The Last Spike, by Thomas Hill (painter), (1881)
Directors of the Union Pacific Railroad gather on the 100th meridian, which later became Cozad, Nebraska, approximately 250 miles (400km) west of Omaha, Nebraska Territory, in October 1866. The train in the background awaits the party of Eastern capitalists, newspapermen, and other prominent figures invited by the railroad executives.

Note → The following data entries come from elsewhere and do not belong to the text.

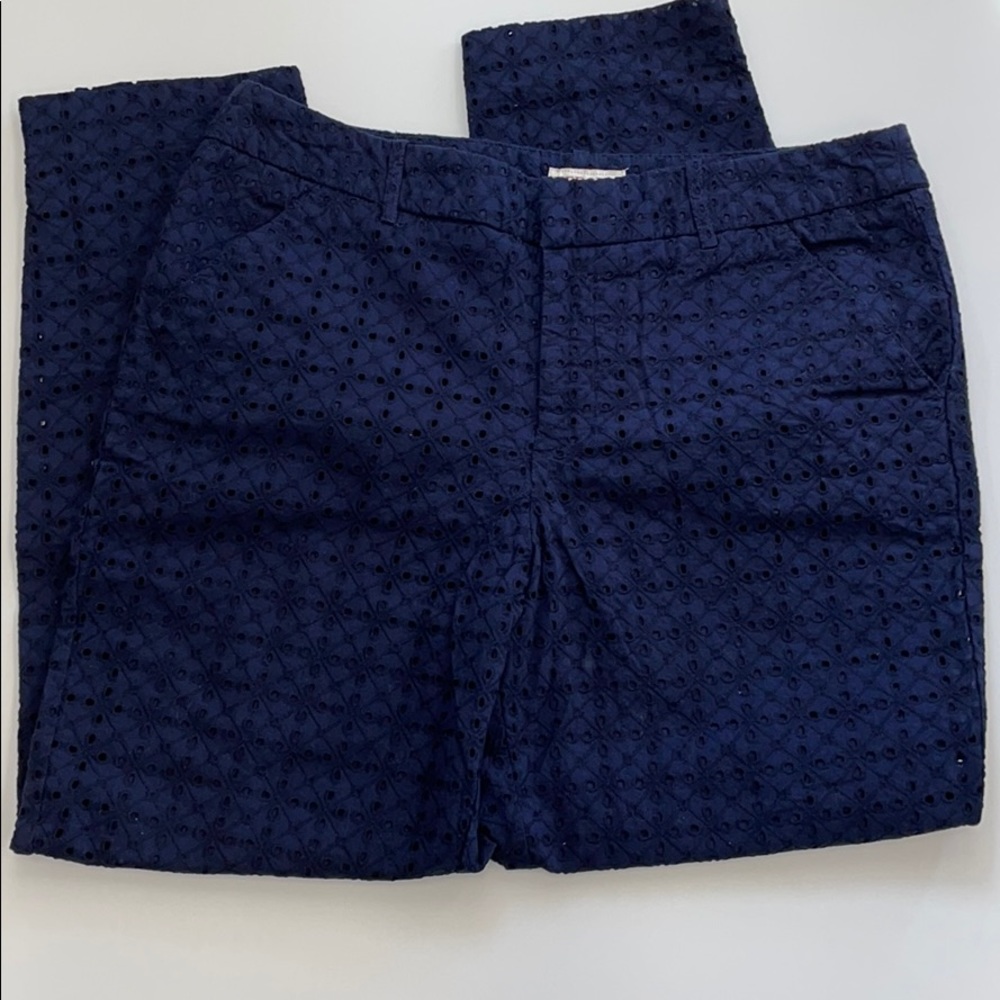 #49 Merona Lace Blue pants sz 10
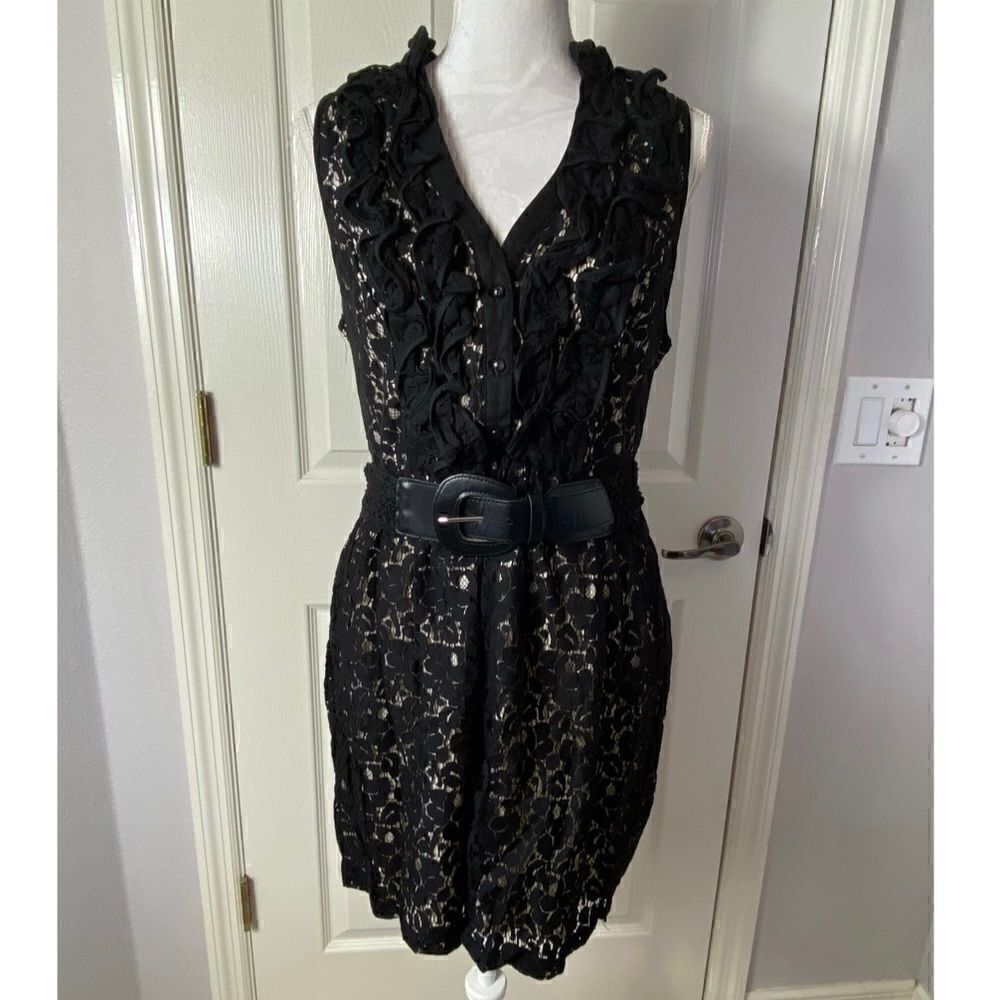 HEART SOUL XLARGE SLEEVELESS LACE DRESS with Belt NWT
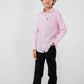 Boys Light Pink Chambray Casual Shirt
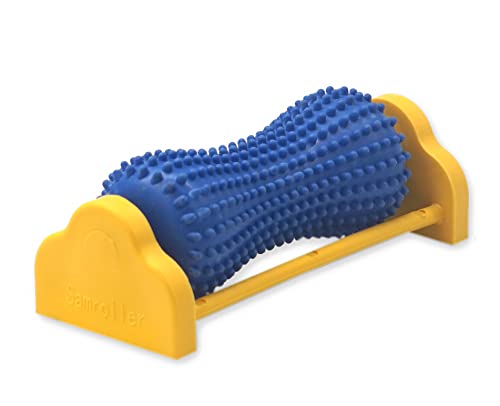 Samroller Foot Massager - Neuropathy Pain Plantar Fasciitis Stress Relief,Reflexology Tool, Foot Roller For Foot Pain Relief #TOP22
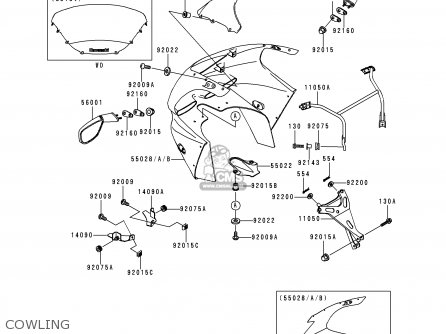 COWLING - ZX900C2 NINJA ZX9R 1999 USA CALIFORNIA CANADA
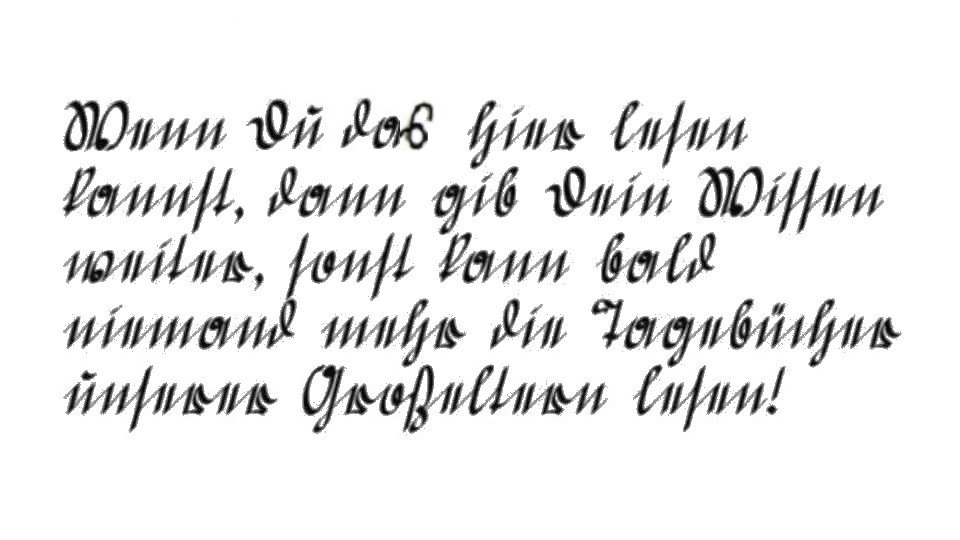 Готический курсив Зюттерлина (начало ХХ века). Не зная немецкого, в этих знаках латиницу можно опознать с большим трудом Готический курсив Зюттерлина (начало ХХ века). Не зная немецкого, в этих знаках латиницу можно опознать с большим трудом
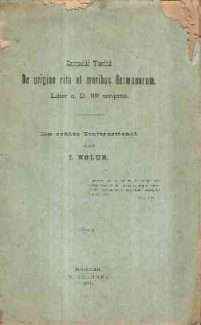 DE ORIGINE RITU ET MORIBUS GERMANORUM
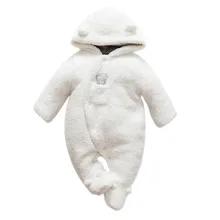 Newborn baby clothes bear onesie baby girl boy rompers hooded plush jumpsuit winter overalls for kids roupa menina цена Newborn baby clothes bear onesie baby girl boy rompers hooded plush jumpsuit winter overalls for kids roupa menina цены онлайн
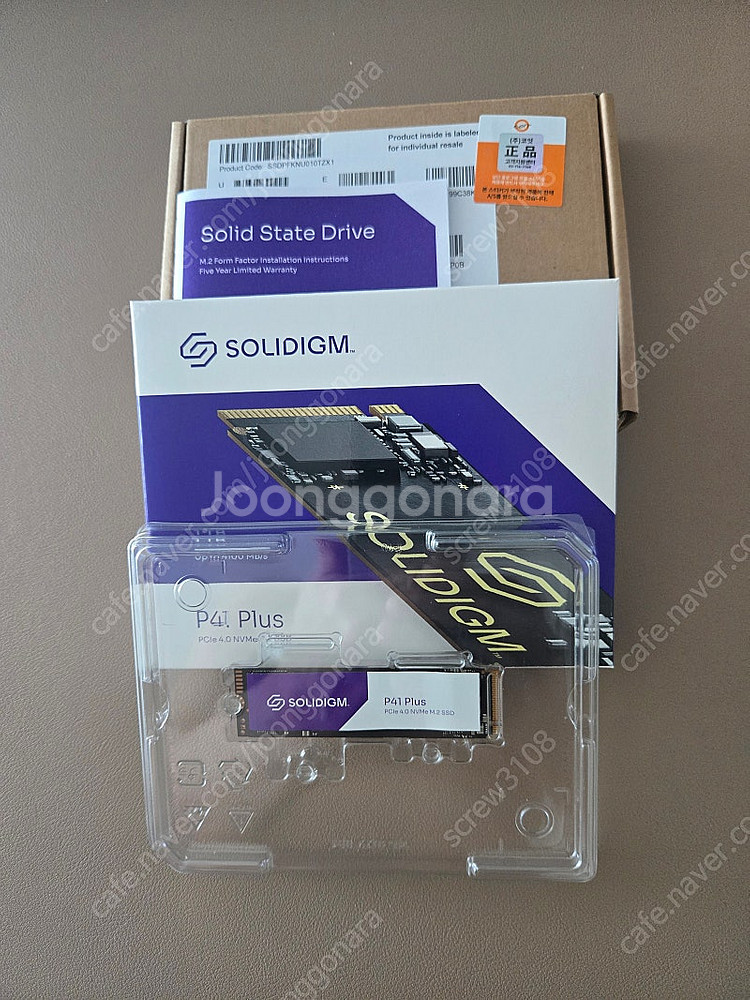 M.2 SSD 솔리다임 P41 PLUS 1TB 4개 T...--1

UP was entangled in the Crédit Mobilier scandal, exposed in 1872, that involved bribing congressmen and stock speculations. Its early troubles led to bankruptcy during the 1870s, the result of which was reorganization of the Union Pacific Railroad as the Union Pacific Railway on January 24, 1880, with its dominant stockholder being Jay Gould. The new company also declared bankruptcy, in 1893, but emerged on July 1, 1897, reverting to the original name, Union Pacific Railroad. Such minor changes in corporate titles were a common result of reorganization after bankruptcy among American railroads. This period saw the UP sell off some of its holdings; the Union Pacific Railway, Central Branch became the Central Branch of the Missouri Pacific Railroad and the Southern Branch was acquired by the newly-incorporated Missouri Kansas Texas Railroad in 1870. However, the UP soon recovered, and was strong enough to take control of Southern Pacific Railroad (SP) in 1901 and then was ordered in 1913 by the U.S. Supreme Court to surrender control of the same. UP also founded the Sun Valley resort in Idaho in 1936, the UP engineering department in Omaha designed the first ski chairlift that summer. The MP and MKT both came back into the UP fold in the 1980s. In 1996, UP finally acquired SP in a transaction envisioned nearly a century earlier.

The headquarters of UP has been in Omaha, Nebraska, since its inception. Currently they are housed in the Union Pacific Center, completed in 2003. Other important UP facilities in Omaha have included the Union Pacific Railroad Omaha Shops Facility and the Harriman Dispatch Center.

UP:Chronological History [8]

Union Pacific Corporation

In 1986 UP purchased Overnite Transportation, a fairly major less-than-truckload shipping carrier. UP divested itself of Overnite Trucking through an IPO in 2004.

In the late 1980s and early 1990s, UP purchased several non-railroad companies, such as Skyway Freight Systems of Watsonville, California, and United States Pollution Control, Inc., but by 2000, following the appointment of Richard K. Davidson as CEO, it had divested itself of all non-railroad properties except for Overnite Trucking, and its holding company for logistical technology, Fenix Enterprises.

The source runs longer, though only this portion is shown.